I. FACTUAL AND PROCEDURAL BACKGROUND

¶2 The City terminated Chavez from his position as a corrections officer at the Bernalillo County Detention Center (BCDC) for applying excessive force to a prisoner. In the early morning hours of July 13, 1994, Chavez was recorded on BCDC surveillance video running toward a prisoner from behind, striking the prisoner, and propelling the prisoner's upper body into the wall. At the time of this incident, the prisoner was on the phone with his back to Chavez, and was moving away from Chavez, apparently unaware of his approach. Several other guards became involved in the altercation that ensued. Following the struggle, the video shows Chavez carrying the prone prisoner by the handcuffs, shackled and face down, into a holding cell. In Chavez's report of the incident filed later that same night, he stated that he applied force because the prisoner "advanced toward me in an aggressive manner."

¶3 The director of BCDC terminated Chavez after an independently-contracted internal affairs investigation, and a pre-determination hearing based on Chavez's conduct, his prior record of similar conduct, and the conflict between the video record and Chavez's report of the incident.

¶4 Chavez challenged his termination. Pursuant to the City's Merit System Ordinance (MSO), see Albuquerque, N.M., Rev. Ordinances ch. 3, art. I, §§ 3-1-1 to -25 (1978 & Supp.1989), the grievance was set for a hearing before an independent personnel hearing officer (hearing officer). 1 At the beginning of the hearing and in the context of discovery motions, the City moved to disqualify the hearing officer. The City based its motion both on the fact that Chavez's trial attorney, Paul Livingston, immediately prior to a discovery proceeding in the case, served the hearing officer with a "courtesy copy" of a separate lawsuit Livingston had filed against the hearing officer, and on Livingston's continued reference to that suit "throughout that hearing, every time that there was any kind of a real dispute." The City noted that this lawsuit against the hearing officer stemmed from his role as the hearing officer in a similar case, and specifically involved the hearing officer's rulings on discovery motions. The City also noted that the hearing officer (1) expressed concern for the personal financial impact the suit would have on him; (2) asked Livingston to reconsider suing him; and (3) admitted to Livingston that "[q]uite frankly, you intimidate me. I have never been sued before." The hearing officer denied the City's motion, responding "I know I can be objective." The City renewed its motion to disqualify at least three times over the course of the hearing and each time the hearing officer responded that he believed he could be fair.

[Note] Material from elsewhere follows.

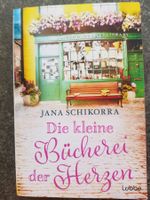 Die kleine Bücherei der Herzen / Jana Schikorra Roman 2024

¶5 After the hearing, the hearing officer presented to the Board a summary of his findings and conclusions, and recommended that the Board reverse the City's decision to terminate and instead reinstate Chavez with a sixty-day suspension. The hearing officer made no reference to the City's repeated motions for his disqualification in his report and recommendation to the Board. Further, the stenographic record of the hearing was not fully transcribed until after the Board had approved the hearing officer's recommendation. Cf. Littlefield v. State ex rel. Taxation & Revenue Dep't, Motor Vehicle Div., 114 N.M. 390, 395, 839 P.2d 134, 139 (Ct.App.1992) (board that had access to record and concurred with hearing officer's recommendation not required to have reviewed the record in order to meet due process requirements).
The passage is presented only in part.